Getting over those fears, will put more fish onto your line and in turn, that makes for a more enjoyable day on the water. Many times, fish hang on the outer edges of the weeds and wait for their prey to come by and these fish then ambush their meals.
The jig worm consists of a jig, weight is determined by the depth that is being fished and a plastic bait, we have been using the Northland Impulse Nightcrawler. Typically using a 1/8oz jig but if there is a good amount of wind, a 1/4oz will be needed for feeling the jig.
Having the boat positioned correctly aids in having better chances at catching these fish. Typically, the boat is setup so that you can make your cast of the bait, out past the weedline edge. Retrieving the jig worm slowly back towards that weed edge and working it through the weeds back to the boat.
Usually having the jig with an exposed hook, you will get some weeds onto the jig and at that point, retrieve it back and clean it off. But there are clear pockets in the weeds and when the jig is worked back through one of these areas, the fish use these as ambush locations.

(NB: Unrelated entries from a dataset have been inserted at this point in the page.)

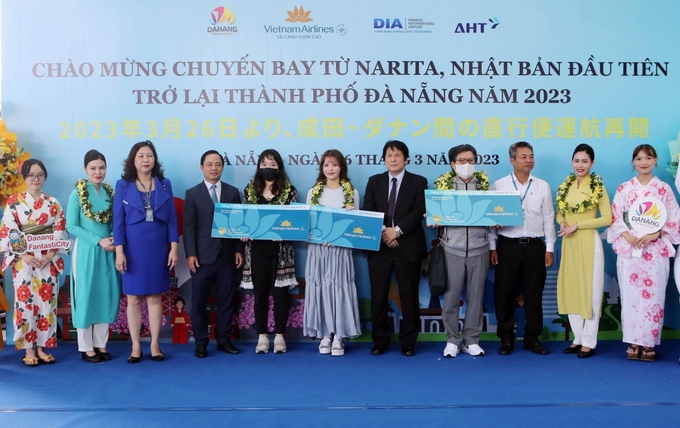 Vietnam Airlines đang khai thác đường bay Đà Nẵng - Tokyo (Narita) với tần suất 4 chuyến/tuần vào các ngày thứ Ba, Tư, Bảy và Chủ Nhật
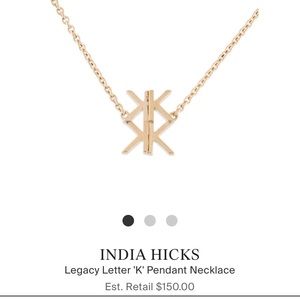 India Hicks K necklace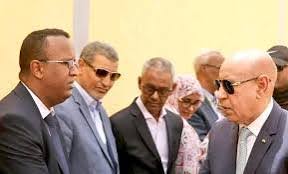 صورة النعمة / وصول المندوب الجهوي لمفوضية الامن الغذائي بلعصابه لاستقبال رئيس الجمهورية السيد محمد ولد الشيخ الغزواني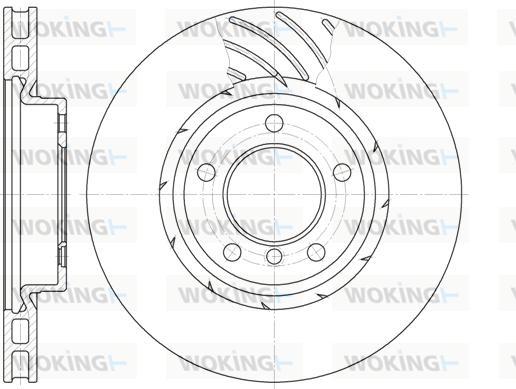 Woking D6508.10 - Kočioni disk www.molydon.hr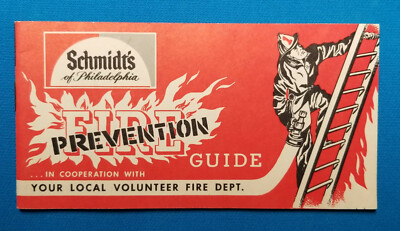 Excellent Schmidt's of Philadelphia Beer Fire Prevention Guide Booklet 1967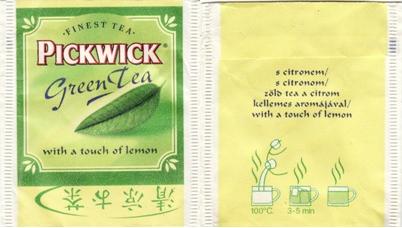 Pickwick 313 4214 Green Tea With a Touch of Lemon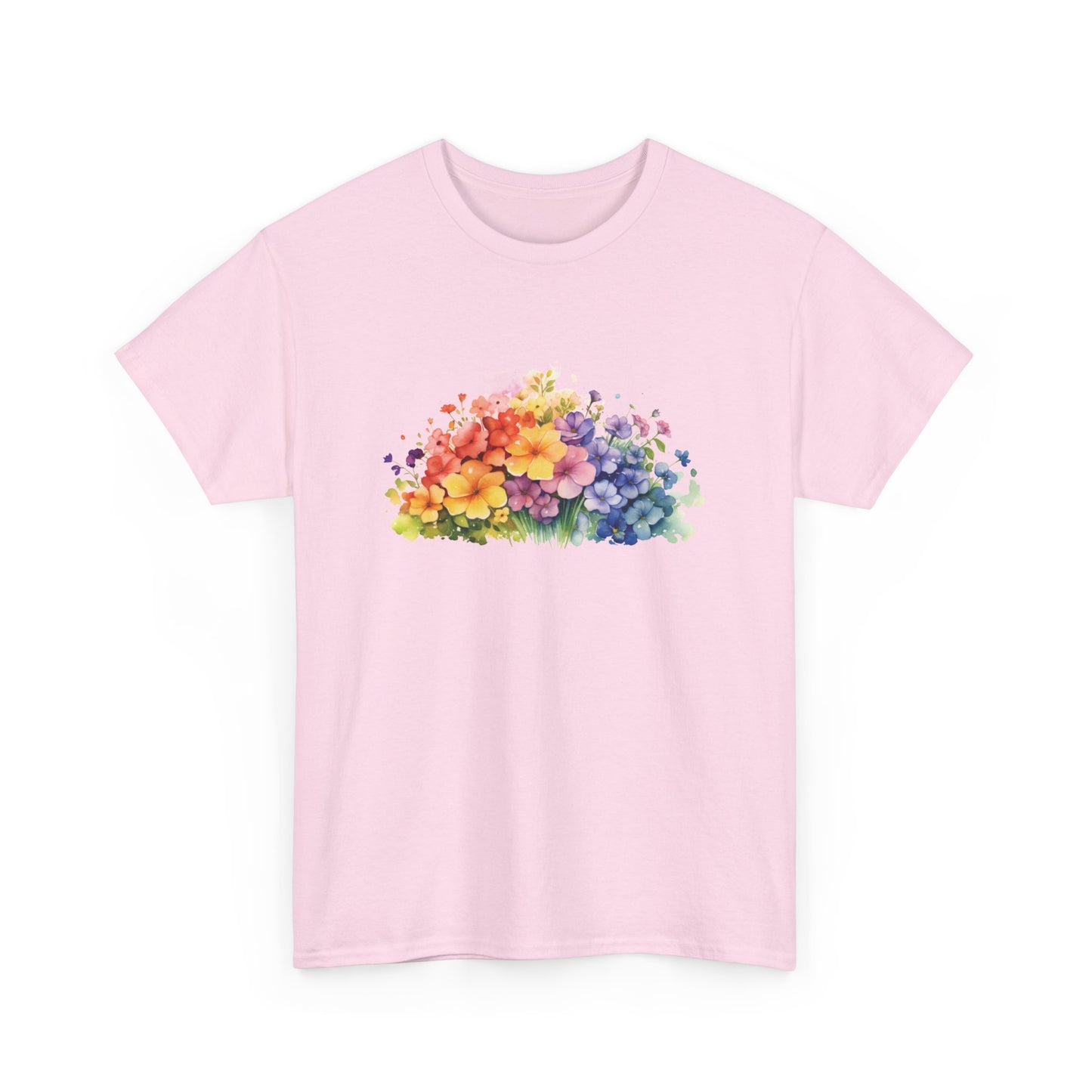 Colorful Flowers Short Sleeve Tee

Also, having the exposed hook, hook up ratio is increased as you don’t have to drive the hook point through the plastic making the bites much more productive. It does get annoying collecting weeds on the hook, but as you fish this more, you will start to get the feeling as to how the bait feels coming through the weeds.
Finding underwater humps and fishing this way, can give up some nicer fish as these fish may not have seen a bait that often. Prey uses the weedlines as much as the predator fish do, by fishing outside the weeds and coming into them, this makes your presentation look very natural as prey doesn’t like being out in the open water and being vulnerable.